→ **TASK STATEMENT**
Starting with the line that contains "Souda square-frame glasses by MYKITA", give again exactly and only each line through the end of the records; include the last line and exclude pictures.

DATA SECTION Start Marker

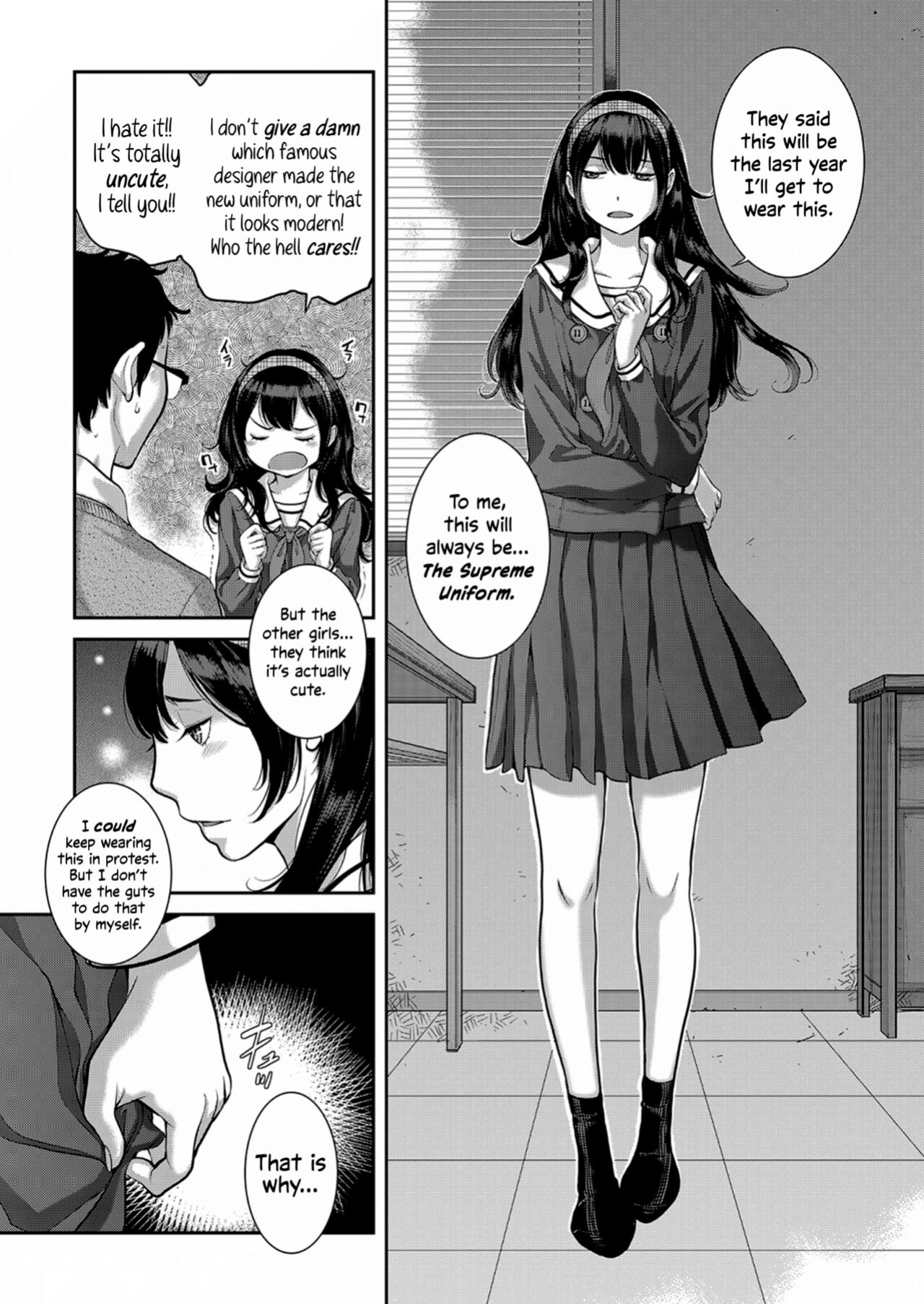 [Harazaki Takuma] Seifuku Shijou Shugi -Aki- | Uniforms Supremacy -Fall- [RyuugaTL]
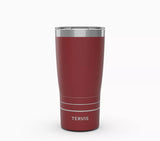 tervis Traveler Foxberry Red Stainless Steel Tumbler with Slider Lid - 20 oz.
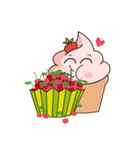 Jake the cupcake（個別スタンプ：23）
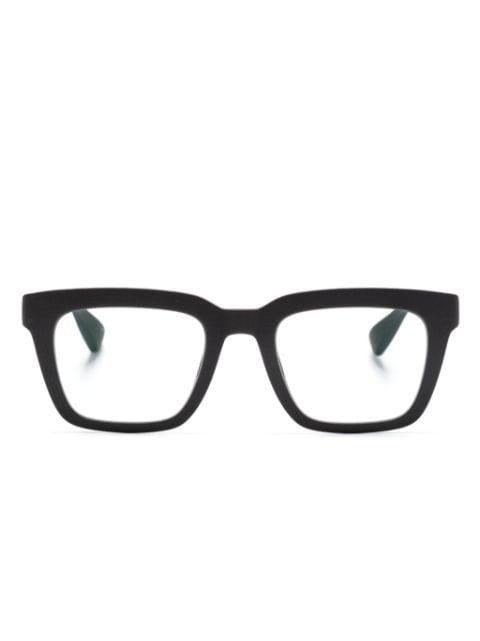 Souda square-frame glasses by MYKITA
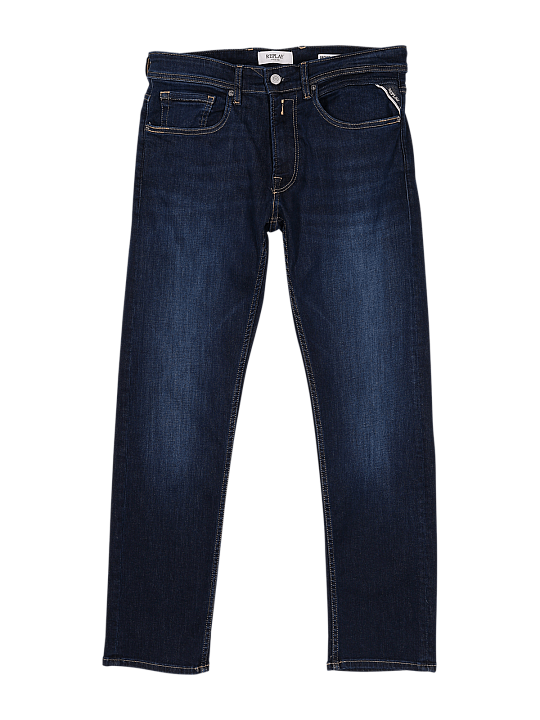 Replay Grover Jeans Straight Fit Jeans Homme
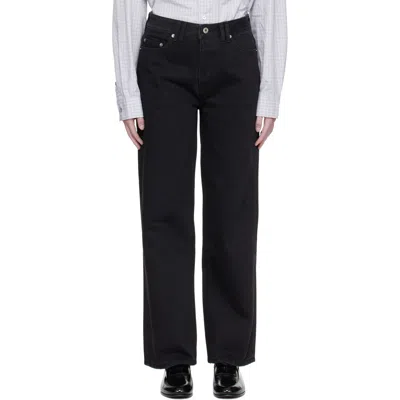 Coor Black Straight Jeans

DATA SECTION End Marker

→ **RESPONSE BELOW**
 Souda square-frame glasses by MYKITA
 Replay Grover Jeans Straight Fit Jeans Homme
 Coor Black Straight Jeans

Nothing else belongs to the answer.